Le Journal de la Huronne/La Houille rouge/Mars 1917

7 mars 1917.

À la Sorbonne, dix-huit discours belliqueux, à la file. « Durons. Endurons. Tous debout. » Dix-huit discours, pas un de moins. Les assistants ont battu tous les records d’endurance, stoïquement : qui donc osera prétendre encore que les classes privilégiées ne prennent pas leur part de souffrance ? Le Parlement, le Pouvoir, l’Académie, les Églises, les grandes Ligues, les Groupements patronaux, tous les milieux favorables à la guerre, hostiles à la paix, étaient représentés. Seul le peuple de France était absent.

9 mars 1917.

Une femme volait des porte-monnaie. Mais, quand elle y trouvait de l’or, elle prenait grand soin, selon le devoir de tout bon citoyen, de l’échanger contre des billets, à la Banque de France. Chaque fois, selon la règle, on lui délivrait un certificat de civisme. Quand on l’arrêta, la voleuse portait sur elle cent dix-neuf attestations glorieuses. Ironique sans le savoir, le journal qui rapporte ce fait-divers l’intitule : « Voleuse, mais patriote. »

10 mars 1917.

« Comment la guerre, me disait Paron, ne serait-elle pas agréable aux fidèles du Passé ? Elle ne cesse pas de les servir. Aujourd’hui, l’Angleterre, obligée de se restreindre, se ferme aux importations, s’entoure de hautes barrières protectrices. Les Britanniques, libre-échangistes, font marche arrière, retournent au protectionnisme. Quel triomphe, l’abandon de ce libre échange détesté, qui supprimerait tant de chances de conflit, dans un temps où les guerres sont des guerres de tarifs !… »

11 mars 1917.

Y aurait-il anguille sous roche ? Un journal annonce, de source autrichienne, que les Empires Centraux vont offrir la paix. Il ajoute bien vite que cette paix, favorable en apparence aux Alliés, laisserait à l’ennemi de tels avantages économiques, qu’elle constituerait pour lui une véritable revanche. Nous voilà prévenus. Mais peu importe. Cette note présage une prochaine proposition. Voilà ce que j’en retiens.

Chaque fois en effet, qu’un espoir de paix, va surgir, la presse orthodoxe prend les devants, le dénonce et le ruine. Elle montre qu’il est vain ou fallacieux ; elle met en garde les esprits contre lui.

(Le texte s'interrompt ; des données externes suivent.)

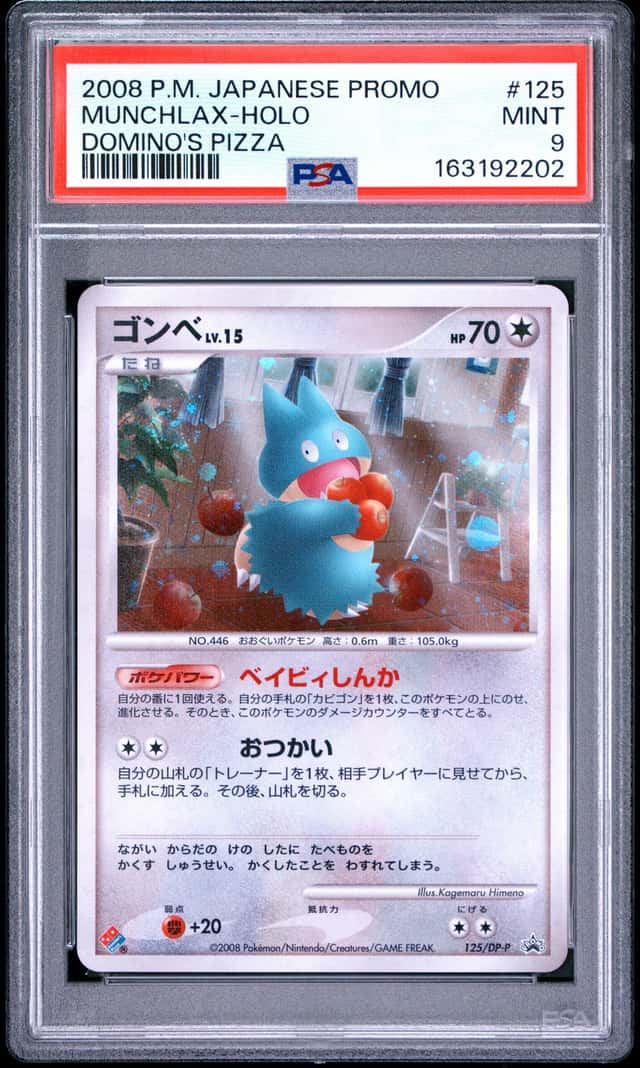 Munchlax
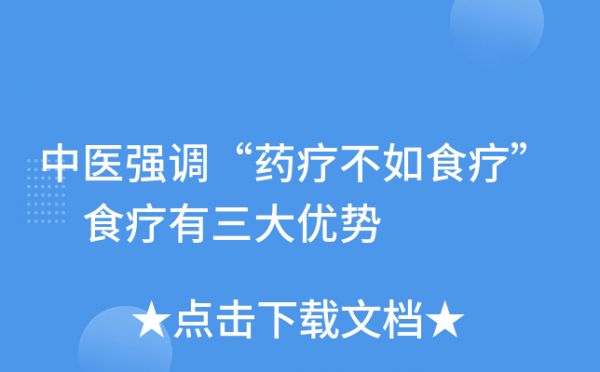中医强调“药疗不如食疗” 食疗有三大优势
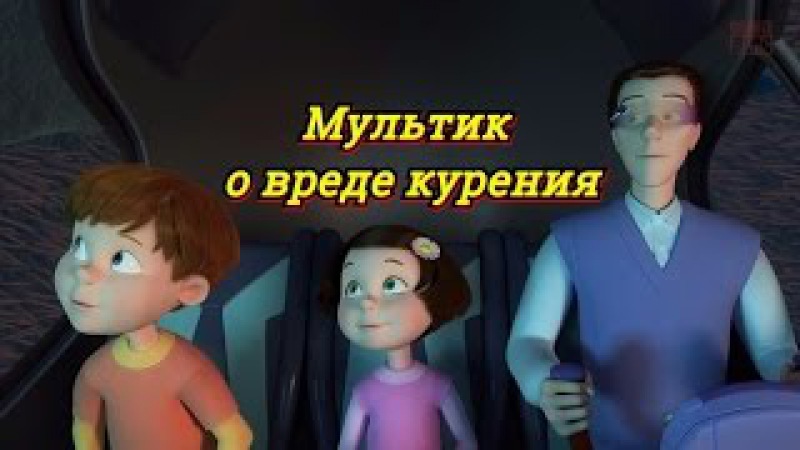 сладкая ловушка.видеоролик из мультфильма о вреде курения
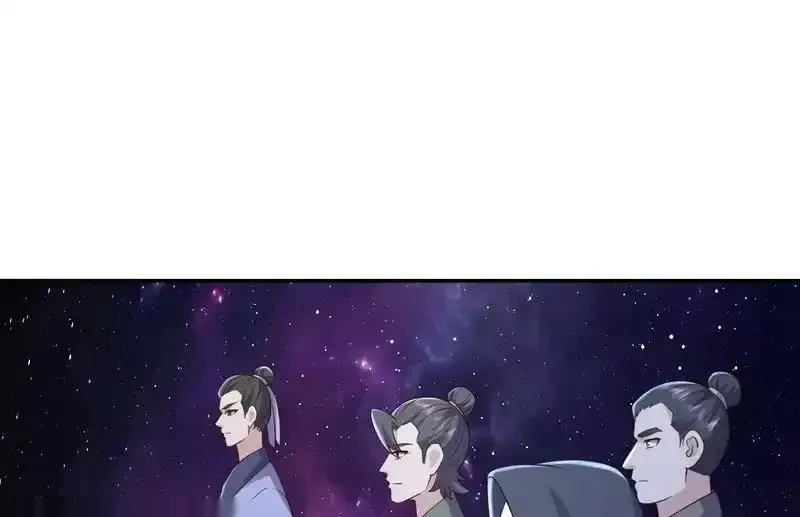 仙武帝尊~漫画,第877话 圣人出手了4图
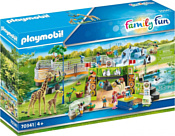 Playmobil PM70341 Большой городской зоопарк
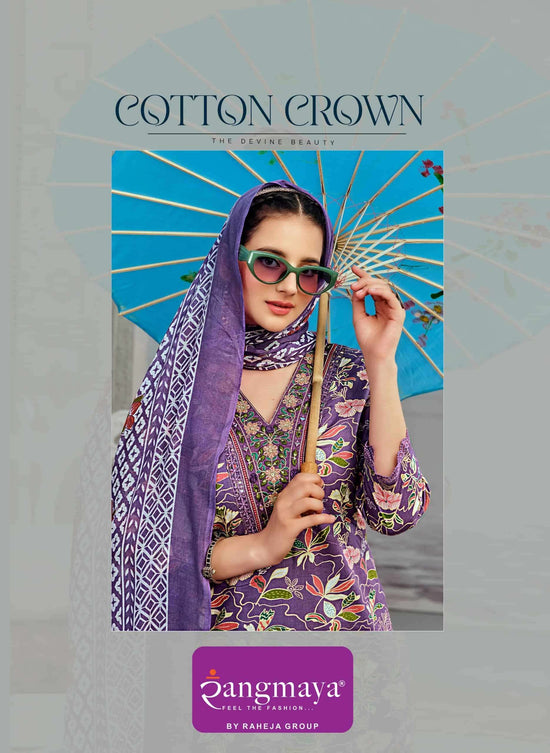 Rangmaya Cotton Crown Cotton Kurti Pant Dupatta Set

Hier encore, elle imprimait : « Même si la France obtenait l’Alsace-Lorraine, ce serait encore pour elle la défaite. » Si on se reporte par la pensée au début de la guerre, la phrase paraît folle. Elle est habile. Sans doute nos maîtres craignent-ils que cette satisfaction sentimentale ne soit prochainement offerte au pays et qu’il ne s’en contente. Eux, ne s’en contentent plus. Ils sont devenus plus exigeants. Ils veulent des réparations, des garanties, des « dédommagements ». Et je ne peux pas ignorer, hélas ! les convoitises qui s’abritent derrière ces trois mots-là…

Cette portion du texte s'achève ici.